Langhansa Struma

**Langhans struma** Langhans strumas belong to the category of epithelial tumors of the mediastinum. These neoplasms do not resemble ordinary epithelial tissue and are of ectodermal origin. The name of this tumor comes from the name of the scientist David Langhans, and is currently considered synonymous with the term langhasamidatoraxia. The history of the disease, for the most part, is marked by increased attention of pediatric surgeons in the 50-60s of the 20th century, there were pronounced cases of their prevalence due to previous treatment of thyroid cancer with radioactive iodine.

Langhans-like tumors of the mediastinum are a fairly rare category of neoplasms of the mediastinal space, their frequency is 0.8-2% of all tumor processes in this localization. Men and women are equally susceptible to developing LCHOS.
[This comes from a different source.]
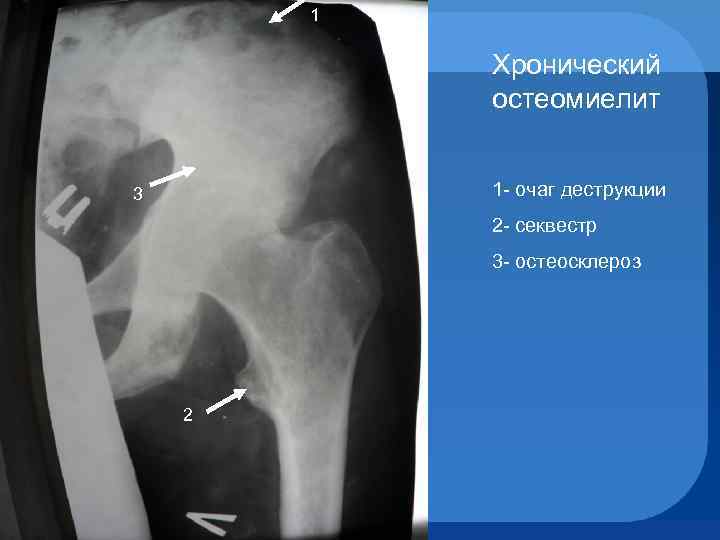 1 Хронический остеомиелит 1 - очаг деструкции 3 2 - секвестр 3 - остеосклероз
The average age of patients was 30-40 years, while acute forms of the disease were often encountered in children and adolescents. Based on this, it can be assumed that the exogenous type of tumors predominates. Symptoms of the disease: painful sensations of varying intensity are noted in the sternum and above the shoulder girdle, pressure and compression are felt in the neck, brachialgia and intercostal pain. Inspiratory dyspnea is also often detected. With a sharp attack of pericardial syndrome, paradoxical breathing with whistling and noise is observed. Frequent symptoms of the pathology are changes in blood pressure and arrhythmia. Discharge of blood from the mouth and nose is a very rare occurrence, most likely associated with a traumatic effect on the tumor nodes. Paracervical pain and difficulty swallowing, compression of the esophagus and trachea are accompanied by severe cough and dysphagia. The course of Langhans struma is often accompanied by ectopic production of thyroid hormones. It is worth noting that it can replace functioning tissue without causing destructive changes. Local indicators of active inflammation are the appearance of cough with sputum, wheezing and bronchospasm. Conversely, LCHOS without signs of inflammation is often not accompanied by hormonally active processes or their unhealthy dynamics. Adults suffer from this disease much less frequently than children and adolescents. It should be clarified that from the first days of the appearance of LCHOS, blood and urine indicators indicate a clear inflammatory picture. Serum eosinophil levels exceed 1%.